_REQUIRED ACTION_.
As the answer, return precisely the lines from the one containing "Wood Wood Wood" to the final line of the material below, inclusive, and omit every picture.

_MATERIAL PROVIDED_.
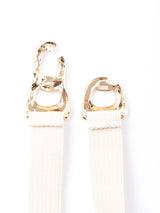 【2色展開】リボンバックル ゴムベルト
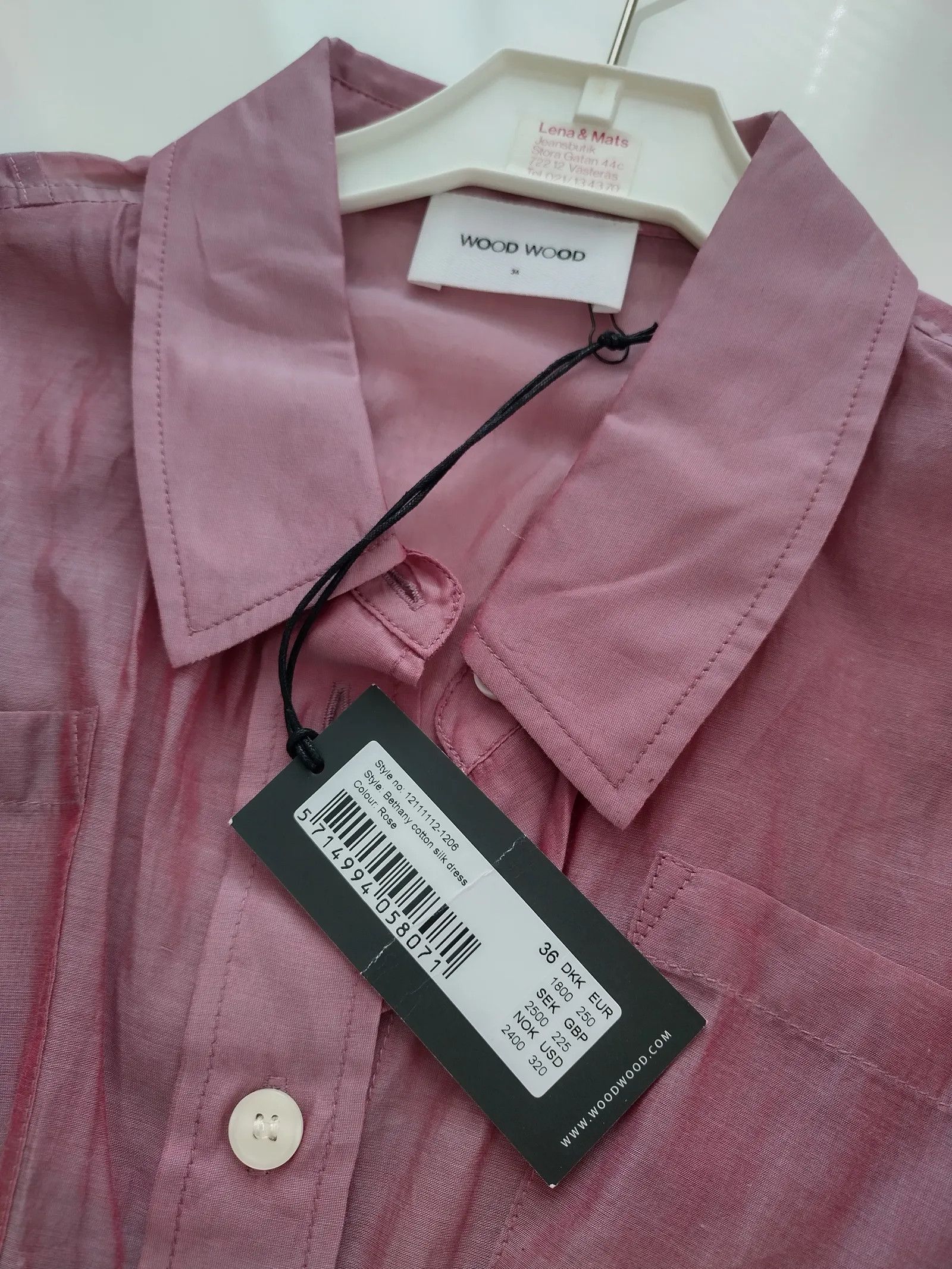 Wood Wood Wood Wood Dress Size XS / US 0-2 / IT 36-38 - 2 Thumbnail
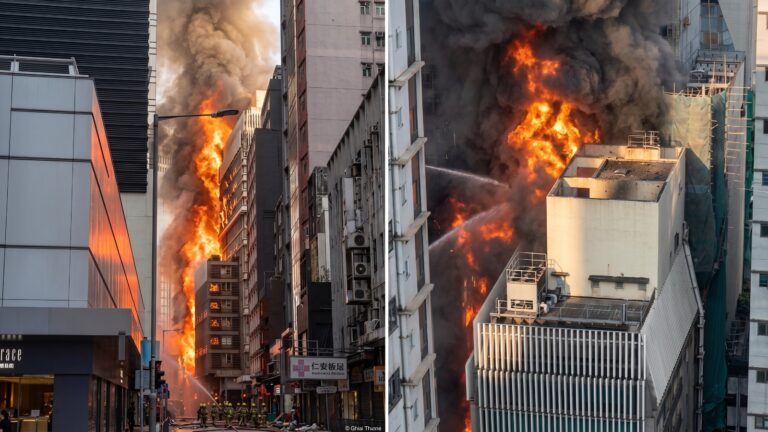 BREAKING NEWS: Just hours ago, a tremendous fire broke out in…See more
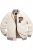 JP1880 836786 Veste college avec écusson Blanc cassé - Vestes - Vestes Homme Grandes Tailles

_RESULT OF THIS TASK_.
 Wood Wood Wood Wood Dress Size XS / US 0-2 / IT 36-38 - 2 Thumbnail
 BREAKING NEWS: Just hours ago, a tremendous fire broke out in…See more
 JP1880 836786 Veste college avec écusson Blanc cassé - Vestes - Vestes Homme Grandes Tailles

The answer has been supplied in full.